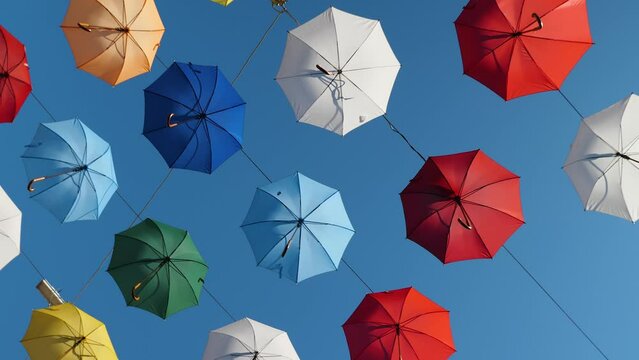 Multicolored open umbrellas in the blue sky above the city street as decoration. Smooth rotation. Background video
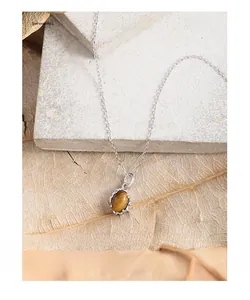 Close-up of oval tiger eye stone pendant on S925 silver chain over autumn leaves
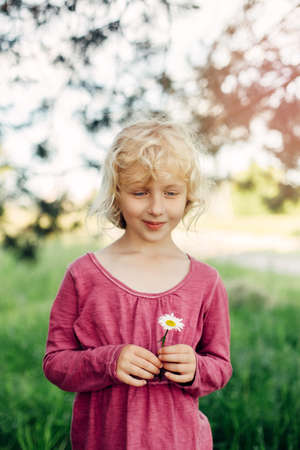 Portrait of cute beautiful blonde Caucasian girl in red pink dress holding white daisy flower in her hands. Happy adorable child kid with messy untidy hair enjoying summertime. Lifestyle childhood.の写真素材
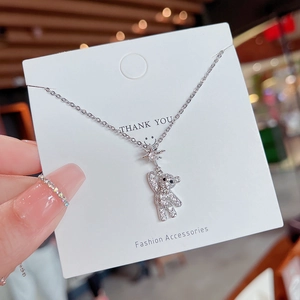 Detail shot of a silver bear pendant necklace encrusted with white zircon stones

WORK ITEM
The copy should begin at the line containing "Close-up of oval" and end at the last line of the data above; please restate those lines word for word without the pictures.

WORKED SOLUTION
 Close-up of oval tiger eye stone pendant on S925 silver chain over autumn leaves
 Portrait of cute beautiful blonde Caucasian girl in red pink dress holding white daisy flower in her hands. Happy adorable child kid with messy untidy hair enjoying summertime. Lifestyle childhood.の写真素材
 Detail shot of a silver bear pendant necklace encrusted with white zircon stones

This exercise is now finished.